**Task brief:** Copy precisely the first line of the material below and every later line, stopping with the line that contains "11 Best Long".

**Data to process:**
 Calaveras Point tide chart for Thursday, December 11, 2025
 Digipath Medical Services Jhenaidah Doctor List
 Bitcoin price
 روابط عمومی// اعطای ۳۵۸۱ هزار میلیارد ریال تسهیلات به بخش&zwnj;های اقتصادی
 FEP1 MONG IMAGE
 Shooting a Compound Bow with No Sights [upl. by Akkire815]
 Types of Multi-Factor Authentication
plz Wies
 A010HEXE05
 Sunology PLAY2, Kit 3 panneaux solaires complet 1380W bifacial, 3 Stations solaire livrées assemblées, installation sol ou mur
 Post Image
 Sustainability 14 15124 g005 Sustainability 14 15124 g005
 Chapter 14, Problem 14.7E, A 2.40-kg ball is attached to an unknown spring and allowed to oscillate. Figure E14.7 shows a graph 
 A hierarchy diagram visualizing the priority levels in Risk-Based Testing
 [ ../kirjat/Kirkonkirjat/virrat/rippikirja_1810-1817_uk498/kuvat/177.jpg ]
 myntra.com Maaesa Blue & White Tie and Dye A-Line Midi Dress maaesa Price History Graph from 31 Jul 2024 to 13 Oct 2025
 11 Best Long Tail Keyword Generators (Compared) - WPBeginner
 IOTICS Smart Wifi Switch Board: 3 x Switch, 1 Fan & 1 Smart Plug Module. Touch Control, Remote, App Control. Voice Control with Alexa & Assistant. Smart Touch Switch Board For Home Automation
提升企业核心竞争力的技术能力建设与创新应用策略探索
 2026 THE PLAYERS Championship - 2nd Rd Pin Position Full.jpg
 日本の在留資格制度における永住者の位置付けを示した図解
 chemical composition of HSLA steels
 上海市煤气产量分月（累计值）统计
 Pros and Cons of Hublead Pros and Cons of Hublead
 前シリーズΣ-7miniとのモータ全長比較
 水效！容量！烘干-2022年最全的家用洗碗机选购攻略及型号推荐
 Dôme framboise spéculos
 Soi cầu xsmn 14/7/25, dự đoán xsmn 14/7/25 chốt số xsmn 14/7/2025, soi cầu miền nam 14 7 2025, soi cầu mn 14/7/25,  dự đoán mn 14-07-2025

**Task answer:**
 Calaveras Point tide chart for Thursday, December 11, 2025
 Digipath Medical Services Jhenaidah Doctor List
 Bitcoin price
 روابط عمومی// اعطای ۳۵۸۱ هزار میلیارد ریال تسهیلات به بخش&zwnj;های اقتصادی
 FEP1 MONG IMAGE
 Shooting a Compound Bow with No Sights [upl. by Akkire815]
 Types of Multi-Factor Authentication
plz Wies
 A010HEXE05
 Sunology PLAY2, Kit 3 panneaux solaires complet 1380W bifacial, 3 Stations solaire livrées assemblées, installation sol ou mur
 Post Image
 Sustainability 14 15124 g005 Sustainability 14 15124 g005
 Chapter 14, Problem 14.7E, A 2.40-kg ball is attached to an unknown spring and allowed to oscillate. Figure E14.7 shows a graph 
 A hierarchy diagram visualizing the priority levels in Risk-Based Testing
 [ ../kirjat/Kirkonkirjat/virrat/rippikirja_1810-1817_uk498/kuvat/177.jpg ]
 myntra.com Maaesa Blue & White Tie and Dye A-Line Midi Dress maaesa Price History Graph from 31 Jul 2024 to 13 Oct 2025
 11 Best Long Tail Keyword Generators (Compared) - WPBeginner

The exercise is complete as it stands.